# Removing glue without removing carbon!??



## aread (Dec 25, 2009)

A couple of the adhesive companies make de-bonders. They work fairly well, but are expensive and messy.

I've also heard that a vegetable peeler will work, but I haven't been able to find the trick for that one.


----------



## edthearcher (Nov 2, 2002)

*glue*

I like acetone and paper towel


----------



## XxfirmanxX (Aug 15, 2009)

edthearcher said:


> I like acetone and paper towel


 X2 :thumbs_up


----------



## highteckrednek (Dec 11, 2009)

they make knives that are made to scrape off glue and not hurt the arrow


----------



## Rhody Hunter (Jul 14, 2008)

I just tried the potato peeler it works great , I also use acetone and towel


----------



## Virginian (Oct 8, 2009)

Acetone, paper towel & a straight edge razor-blade.
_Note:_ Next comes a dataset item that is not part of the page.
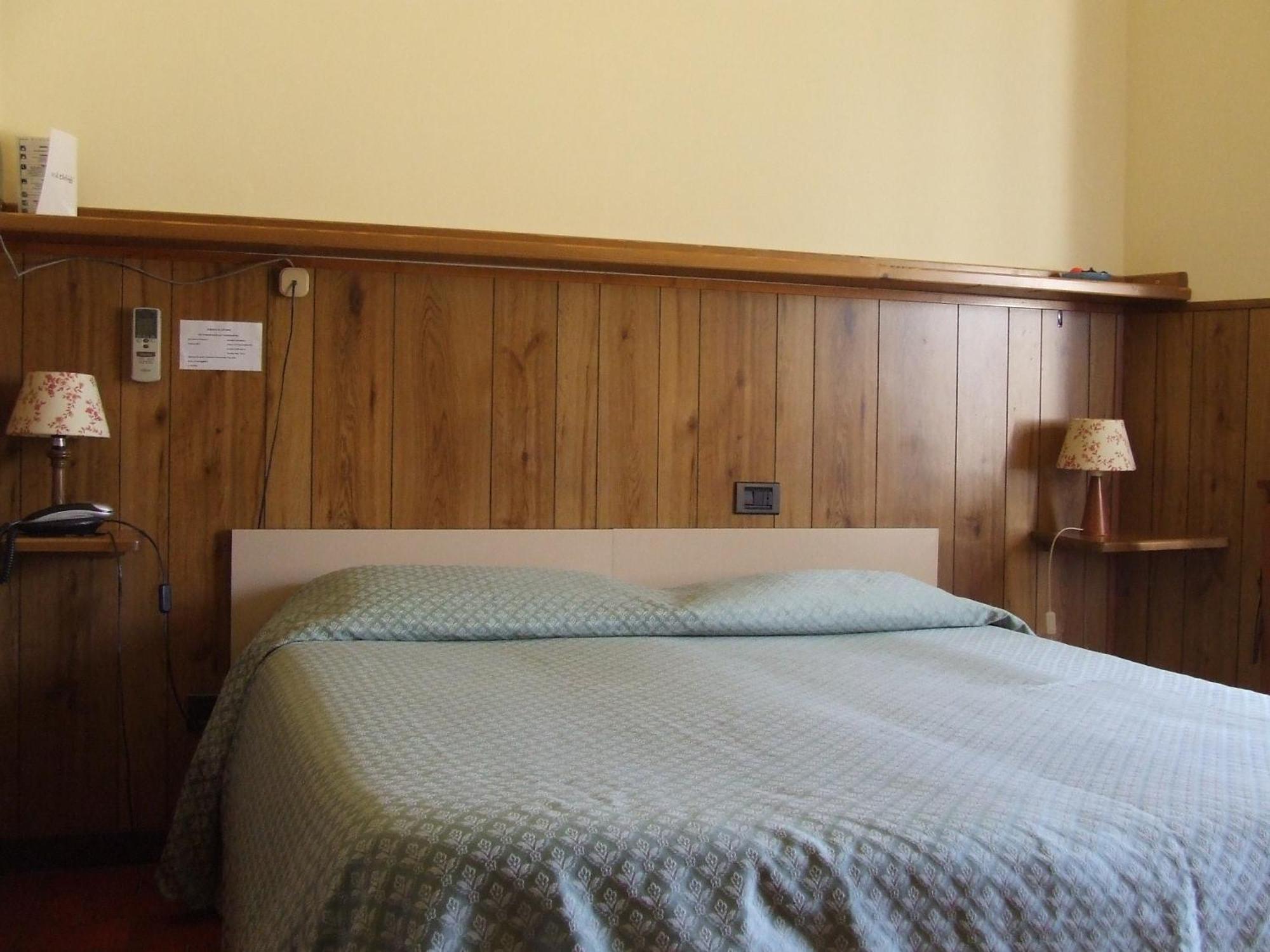 Albergo Il Cochino Montale  Buitenkant foto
It always worked for me. 

Good luck!


----------



## dwagoner (Sep 27, 2007)

stole the serrated bread knife out the set LOL curves are perfect for arrow shafts, looks like this one.........


----------



## hoytbowhuntr502 (Sep 22, 2009)

Thanks everybody...I have been experimenting and I've came up with a pretty good solution. After I stripped the old fletching off, I soaked the ends of the arrows in lacquer thinner for about 20 minutes. It seems to have worked pretty good. Shafts look almost new!


----------



## dwagoner (Sep 27, 2007)

be careful with soaking shafts vs just rubbing off with a rag soaked with the chemical your using.


----------



## fcee (Oct 9, 2009)

Zipstrip!


----------



## Dthbyhoyt (Dec 4, 2004)

fcee said:


> Zipstrip!


works great ...


----------



## SteveID (May 6, 2008)

fcee said:


> Zipstrip!


Best there is. Worth the $30.


----------



## Pdwight (Nov 26, 2009)

ovencleaner


----------



## bowgramp59 (Apr 12, 2007)

i use goo gone and 1 of those green scrub pads used for washing dishes. takes the glue off and cleans the arrow, wipe the shaft with alcohol before you fletch:thumbs_up


----------



## Smoke'UM (Aug 26, 2004)

Potato pealer for me haven't lost any carbon yet.


----------



## arrowshooters (Jun 5, 2006)

I have also been using a potato peeler for a number of years now. Best .99 cent tool in my box. I would be very careful soaking in anything, even water. Eventually it will work it's way into the carbon.


----------



## SandSquid (Sep 2, 2008)

"*never damage another arrow stripping again, for $1.00*"


----------



## boehntr (Nov 9, 2007)

Never thought about the potato peeler....but anyways I have learned to use a wrap on my arrows. It is so much easier to strip off and looks good when fletched accordingly. Down fall is, when you screw a vane up, you gotta re-fletch the whole darn thing.


----------



## jim p (Oct 29, 2003)

My buddy uses a very large metal file. He has been doing it for years and says that it will not cut the carbon if you take your time and keep the file flat.


----------



## jse28 (Mar 8, 2009)

*tater peeler*

I just tried it and it works awesome I couldnt believe it after all of the time Ive spent [email protected]#king around with razor blades. Glad i read this. Thanks fellers


----------



## viperarcher (Jul 6, 2007)

I have used a potato pealer for years works awsome!


----------